The impact of this carnage on world society is devastating.  According to the U.S. Center for Disease Control, traffic accidents are now the leading cause of death for young people around the world.  The respected medical journal, The Lancet, estimates the annual cost of traffic deaths and injuries worldwide at $1.8 trillion – higher than the GNP of all but nine of the world’s richest nations.  Furthermore, the burden of this mayhem on the road is not shared equally between rich and poor nations.  The crash rate is more than three times higher in low-income countries than in those with high income, and the poorer nations bear the lion’s share of the costs of this destruction.

What is most surprising about this situation is the general lack of public consciousness and concern about it.  Gun deaths, as we know, arouse passionate cries for gun control and passionate defenses of gun ownership.  In the gun-happy U.S., annual deaths from shooting incidents now total more than 40,000.  About the same number of North Americans die in traffic accidents, with 4.4 million injured, but there is virtually no public debate about this violence and very little collective action to remedy it.

In the U.S., the last popular movement to make automobile travel safer was that led by consumer advocate Ralph Nader in the 1960s.  Since then, politicians and auto executives have proposed a variety of measures to lower rates of death and injury, ranging from mandatory seat belts and other car safety improvements to better methods of road construction and maintenance, but the results overall have been negligible. The U.S. still loses more people in traffic accidents each year than were killed in three years of the Korean War. In dollar terms, this destruction costs that nation as much each year as its entire military budget.

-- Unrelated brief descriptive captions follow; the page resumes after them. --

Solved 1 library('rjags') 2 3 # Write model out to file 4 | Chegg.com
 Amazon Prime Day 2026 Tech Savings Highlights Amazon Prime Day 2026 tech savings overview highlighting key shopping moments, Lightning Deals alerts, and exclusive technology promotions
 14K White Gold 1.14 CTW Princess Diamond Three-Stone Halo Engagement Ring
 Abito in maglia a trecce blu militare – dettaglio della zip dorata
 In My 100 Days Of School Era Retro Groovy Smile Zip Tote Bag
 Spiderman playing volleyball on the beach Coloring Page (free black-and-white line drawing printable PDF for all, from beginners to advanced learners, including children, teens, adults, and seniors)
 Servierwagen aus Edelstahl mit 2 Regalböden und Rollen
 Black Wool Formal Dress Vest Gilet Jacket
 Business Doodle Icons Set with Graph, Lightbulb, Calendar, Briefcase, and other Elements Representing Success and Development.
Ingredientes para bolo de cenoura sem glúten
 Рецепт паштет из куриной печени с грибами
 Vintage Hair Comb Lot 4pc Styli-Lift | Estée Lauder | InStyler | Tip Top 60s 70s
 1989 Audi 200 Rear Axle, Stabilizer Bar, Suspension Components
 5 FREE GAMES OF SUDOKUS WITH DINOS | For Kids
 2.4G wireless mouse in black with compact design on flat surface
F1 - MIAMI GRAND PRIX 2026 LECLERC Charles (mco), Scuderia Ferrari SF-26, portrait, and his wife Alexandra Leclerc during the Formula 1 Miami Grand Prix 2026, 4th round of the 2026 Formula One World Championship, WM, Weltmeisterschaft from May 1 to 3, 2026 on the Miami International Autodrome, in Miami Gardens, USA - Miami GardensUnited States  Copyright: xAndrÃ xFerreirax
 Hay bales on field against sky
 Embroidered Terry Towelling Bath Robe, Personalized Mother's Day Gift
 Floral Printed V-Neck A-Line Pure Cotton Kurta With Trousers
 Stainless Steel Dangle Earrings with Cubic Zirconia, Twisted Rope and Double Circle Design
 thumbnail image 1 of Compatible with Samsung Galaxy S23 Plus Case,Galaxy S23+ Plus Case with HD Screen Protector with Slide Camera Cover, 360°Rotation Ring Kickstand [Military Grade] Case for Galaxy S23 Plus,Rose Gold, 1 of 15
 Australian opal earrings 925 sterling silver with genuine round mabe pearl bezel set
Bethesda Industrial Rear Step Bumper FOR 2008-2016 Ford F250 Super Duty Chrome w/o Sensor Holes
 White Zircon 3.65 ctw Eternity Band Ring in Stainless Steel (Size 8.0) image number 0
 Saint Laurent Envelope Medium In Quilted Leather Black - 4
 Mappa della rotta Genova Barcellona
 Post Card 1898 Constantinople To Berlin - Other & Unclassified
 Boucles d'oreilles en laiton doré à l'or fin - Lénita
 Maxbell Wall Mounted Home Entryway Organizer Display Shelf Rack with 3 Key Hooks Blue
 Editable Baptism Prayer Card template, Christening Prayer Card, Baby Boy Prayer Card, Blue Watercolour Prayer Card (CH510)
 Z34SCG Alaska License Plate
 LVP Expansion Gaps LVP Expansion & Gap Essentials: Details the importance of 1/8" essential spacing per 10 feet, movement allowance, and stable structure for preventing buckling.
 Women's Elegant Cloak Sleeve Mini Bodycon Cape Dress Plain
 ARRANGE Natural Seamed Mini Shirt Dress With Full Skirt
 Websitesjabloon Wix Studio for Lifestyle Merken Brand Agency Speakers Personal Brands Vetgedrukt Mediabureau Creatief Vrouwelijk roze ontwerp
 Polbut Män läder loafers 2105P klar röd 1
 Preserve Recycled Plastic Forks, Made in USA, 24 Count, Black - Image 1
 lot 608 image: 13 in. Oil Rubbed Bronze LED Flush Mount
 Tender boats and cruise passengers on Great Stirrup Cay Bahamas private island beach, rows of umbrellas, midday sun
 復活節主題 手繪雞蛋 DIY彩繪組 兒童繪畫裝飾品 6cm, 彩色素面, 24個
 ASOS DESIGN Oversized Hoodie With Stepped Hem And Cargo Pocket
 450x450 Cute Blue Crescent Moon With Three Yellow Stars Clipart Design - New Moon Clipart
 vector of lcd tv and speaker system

What accounts for the apparent indifference around the world to a calamitous loss of life and millions upon millions of serious injuries?  Johan Galtung points to an answer in his famous 1969 essay on structural violence, “Violence, Peace, and Peace Research”[i].  There he notes that, unlike personal violence in which people intentionally and visibly injure each other, the violence generated by a social system can seem so natural and inevitable that it virtually disappears from people’s consciousness. Consider the horrific physical, psychological, and developmental damage caused by the system of chattel slavery in the United States.  For centuries, this was thought of (if at all) as the inevitable “collateral damage” produced by a flourishing economy that employed millions of people in agriculture, clothing manufacture, shipping, finance, and subsidiary enterprises and that produced cotton, the nation’s primary source of foreign exchange. The protests of a relative handful of abolitionists were largely ignored by those who considered Black people unfit for freedom or who feared the social and economic upheaval that a change of system would entail.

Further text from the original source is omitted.